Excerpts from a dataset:
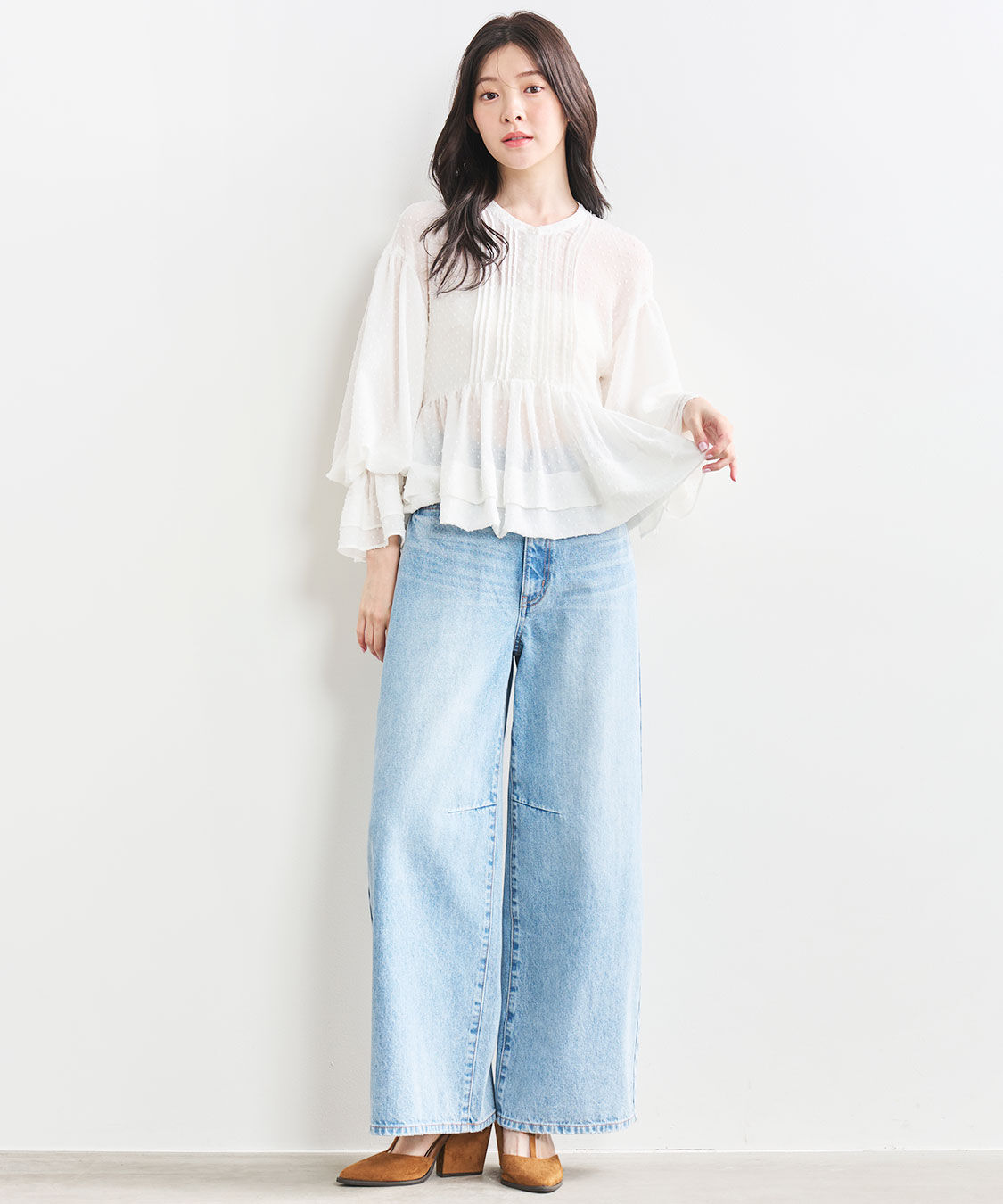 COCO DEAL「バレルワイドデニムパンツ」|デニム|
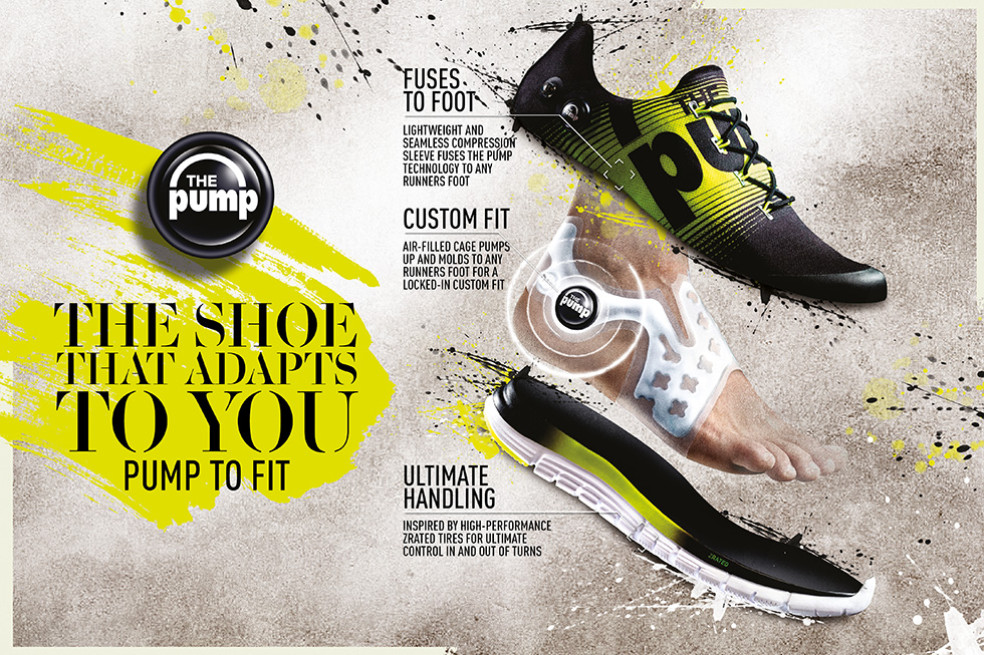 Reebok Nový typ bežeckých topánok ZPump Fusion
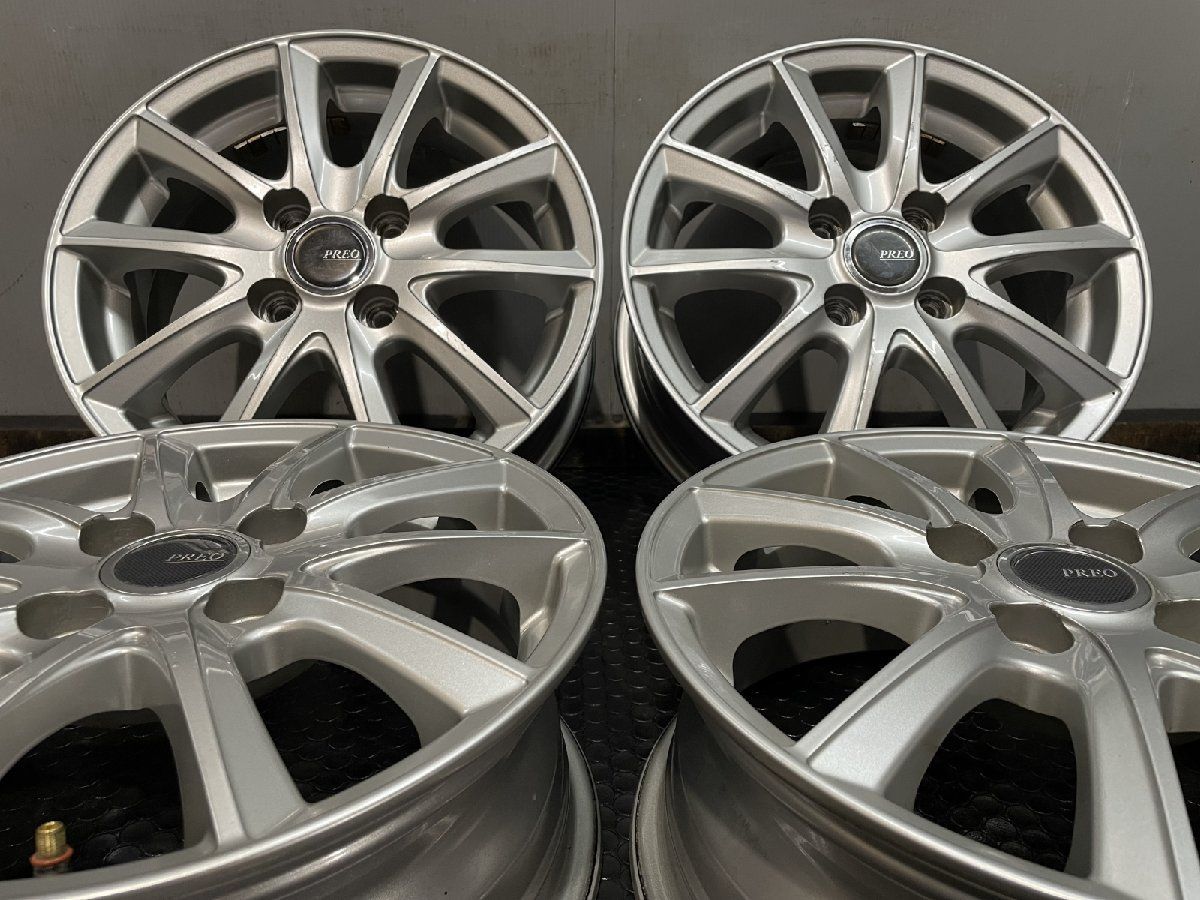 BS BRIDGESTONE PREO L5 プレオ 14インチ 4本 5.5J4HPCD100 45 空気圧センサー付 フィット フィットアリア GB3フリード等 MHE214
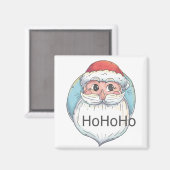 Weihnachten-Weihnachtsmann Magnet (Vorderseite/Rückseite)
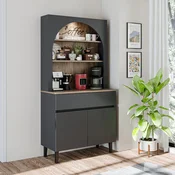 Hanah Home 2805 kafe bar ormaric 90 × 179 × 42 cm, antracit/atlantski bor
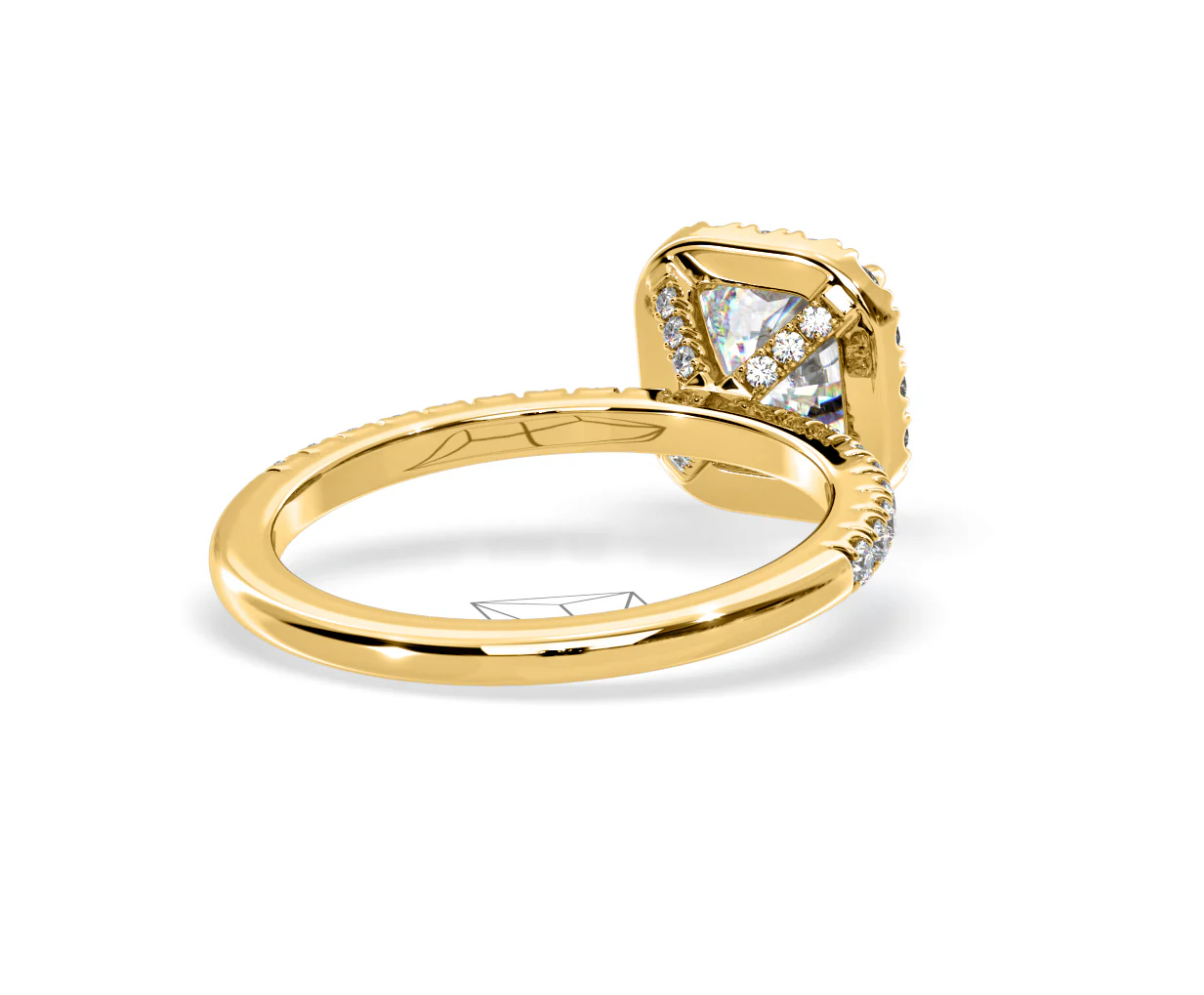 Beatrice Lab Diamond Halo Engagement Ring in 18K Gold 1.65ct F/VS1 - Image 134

Work instructions
Retype, exactly and only, the lines from the one containing "Hanah Home 2805" through the end of the entries, both ends included, and omit all pictures.

Response to the exercise
 Hanah Home 2805 kafe bar ormaric 90 × 179 × 42 cm, antracit/atlantski bor
 Beatrice Lab Diamond Halo Engagement Ring in 18K Gold 1.65ct F/VS1 - Image 134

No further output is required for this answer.